A package of tools for working with the tetrad java program for causal discovery from CMU

These details have not been verified by PyPI

Project links

License
- OSI Approved :: MIT License
Operating System
- OS Independent
Programming Language
- Python :: 3

Project description

fastcda

fastcda is a package for performing causal discovery analysis.

The primary driver of this project is to create a package that can be installed quickly with minimal friction, support multiple platforms (Linux, Windows, macOS) and have fast execution and the ability to handle large datasets efficiently. Consequently, the goal is to have the core causal search algorithms written in C with the other "glue" components written in Python.
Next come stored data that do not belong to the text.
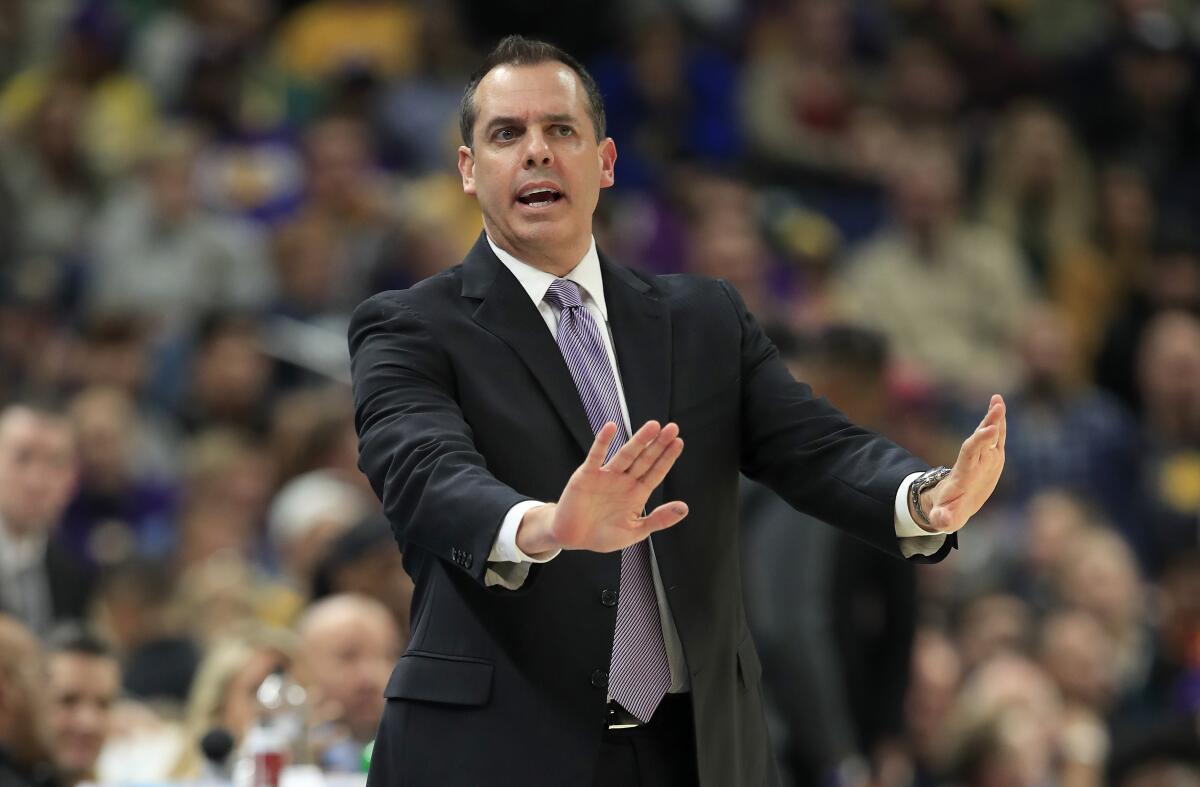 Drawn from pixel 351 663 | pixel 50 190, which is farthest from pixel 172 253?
pixel 351 663

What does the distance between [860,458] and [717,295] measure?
1.51 feet

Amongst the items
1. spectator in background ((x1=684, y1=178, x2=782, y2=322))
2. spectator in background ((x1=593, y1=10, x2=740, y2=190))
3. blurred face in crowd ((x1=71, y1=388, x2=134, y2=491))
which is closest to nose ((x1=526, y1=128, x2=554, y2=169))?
blurred face in crowd ((x1=71, y1=388, x2=134, y2=491))

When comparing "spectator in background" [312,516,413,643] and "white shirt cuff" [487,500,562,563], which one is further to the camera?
"spectator in background" [312,516,413,643]

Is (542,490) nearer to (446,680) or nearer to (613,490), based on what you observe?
(446,680)

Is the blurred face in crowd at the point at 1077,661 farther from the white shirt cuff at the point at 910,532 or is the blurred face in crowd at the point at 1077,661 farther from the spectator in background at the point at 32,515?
the white shirt cuff at the point at 910,532

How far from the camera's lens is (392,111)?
11.6 m

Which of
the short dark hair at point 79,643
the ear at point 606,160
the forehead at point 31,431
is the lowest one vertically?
the short dark hair at point 79,643

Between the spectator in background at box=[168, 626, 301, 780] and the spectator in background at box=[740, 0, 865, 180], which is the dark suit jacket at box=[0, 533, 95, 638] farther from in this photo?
the spectator in background at box=[740, 0, 865, 180]

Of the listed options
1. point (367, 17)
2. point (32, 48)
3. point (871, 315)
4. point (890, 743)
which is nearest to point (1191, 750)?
point (890, 743)

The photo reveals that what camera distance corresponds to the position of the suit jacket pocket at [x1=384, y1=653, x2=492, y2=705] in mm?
3406

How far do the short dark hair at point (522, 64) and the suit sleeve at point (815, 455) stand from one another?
17.4 inches

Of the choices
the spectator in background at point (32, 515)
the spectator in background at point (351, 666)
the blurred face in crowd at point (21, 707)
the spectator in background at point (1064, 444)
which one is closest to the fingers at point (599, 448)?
the blurred face in crowd at point (21, 707)

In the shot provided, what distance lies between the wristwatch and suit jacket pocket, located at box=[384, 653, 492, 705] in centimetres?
75

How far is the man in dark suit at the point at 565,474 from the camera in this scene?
3375mm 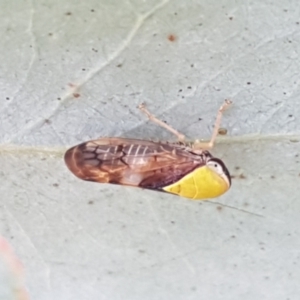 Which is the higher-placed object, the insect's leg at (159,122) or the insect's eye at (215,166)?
the insect's leg at (159,122)

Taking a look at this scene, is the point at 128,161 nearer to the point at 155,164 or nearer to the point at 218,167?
the point at 155,164

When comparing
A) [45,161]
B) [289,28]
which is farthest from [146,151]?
Result: [289,28]

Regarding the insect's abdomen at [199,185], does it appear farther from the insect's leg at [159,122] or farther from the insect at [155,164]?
the insect's leg at [159,122]

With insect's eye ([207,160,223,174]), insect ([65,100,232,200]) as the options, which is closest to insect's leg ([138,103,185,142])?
insect ([65,100,232,200])

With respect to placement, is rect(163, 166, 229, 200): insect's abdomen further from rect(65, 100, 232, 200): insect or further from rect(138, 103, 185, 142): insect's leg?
rect(138, 103, 185, 142): insect's leg

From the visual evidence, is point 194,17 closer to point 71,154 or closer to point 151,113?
point 151,113

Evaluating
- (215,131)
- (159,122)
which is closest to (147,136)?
(159,122)

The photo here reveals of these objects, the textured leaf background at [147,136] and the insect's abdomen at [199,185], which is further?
the insect's abdomen at [199,185]

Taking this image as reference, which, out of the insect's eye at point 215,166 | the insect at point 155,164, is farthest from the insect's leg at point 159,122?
the insect's eye at point 215,166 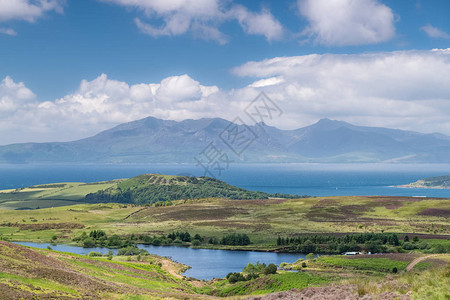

During the initial phase, we use jpype to call methods in the Tetrad java program from Carnegie Mellon University (https://github.com/cmu-phil/tetrad). This will also facilitate comparison between algorithms. The default Tetrad version being used in 7.6.3. This corresponds to causal_cmd 1.12.0.

The code has been designed and tested to run on Windows11, macOS Sequoia and Ubuntu 24.04. It should run on other versions of these platforms.

For a simple sample usage example, try out the fastcda_demo_short.ipynb file in the github repository. This will run nicely within vscode.

Usage

1. Preliminaries

To use Tetrad, you will need a Java JDK 17 or higher version. We recommend JDK 21, which is the latest Long-Term Support (LTS) release of the Java SE Platform. It can be downloaded from here: https://www.oracle.com/java/technologies/downloads/#java21

You will also need the graphviz package which can be downloaded from here: https://graphviz.org/download/

On initialization, FastCDA will check that it can find the needed java version and the graphviz dot program. If it is unable to find the necessary programs, it will complain and exit.

If you have installed the java and graphviz in non standard locations, you can use a yaml configuration file to specify the locations.

For linux/macos, the configuration file should be in the home directory, e.g. ~/.fastcda.yaml.

For Windows, the file should be placed in the Users home directory, e.g. C:\Users<YourUser>\AppData\Local\fastcda\fastcda.yaml

Here is a sample fastcda.yaml configuration file.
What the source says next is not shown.